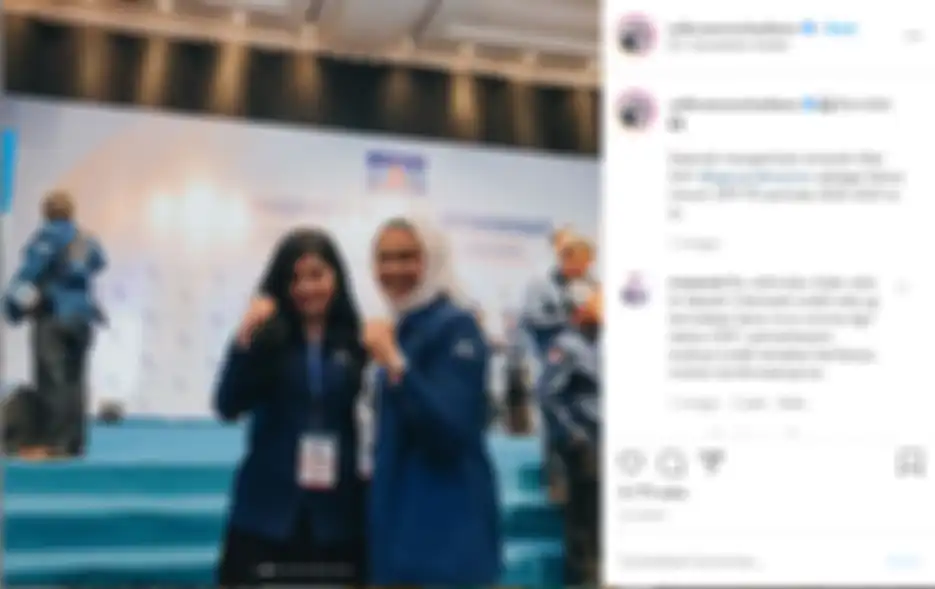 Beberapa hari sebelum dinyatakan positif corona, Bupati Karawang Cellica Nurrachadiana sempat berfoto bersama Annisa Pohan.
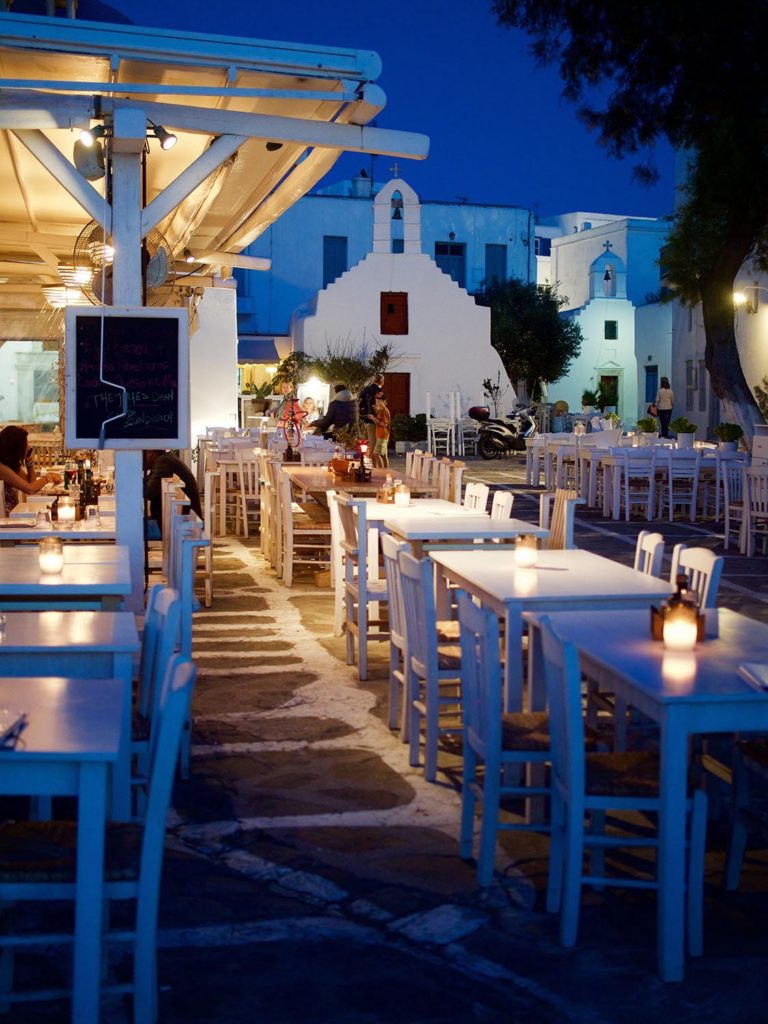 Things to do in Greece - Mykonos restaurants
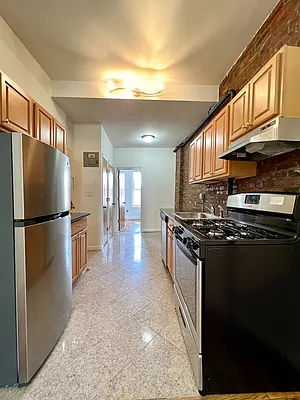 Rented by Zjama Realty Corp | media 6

ACTIVITY. Apart from the images, every line above is to be given again exactly.

RESPONSE FOR THIS EXERCISE.
 Beberapa hari sebelum dinyatakan positif corona, Bupati Karawang Cellica Nurrachadiana sempat berfoto bersama Annisa Pohan.
 Things to do in Greece - Mykonos restaurants
 Rented by Zjama Realty Corp | media 6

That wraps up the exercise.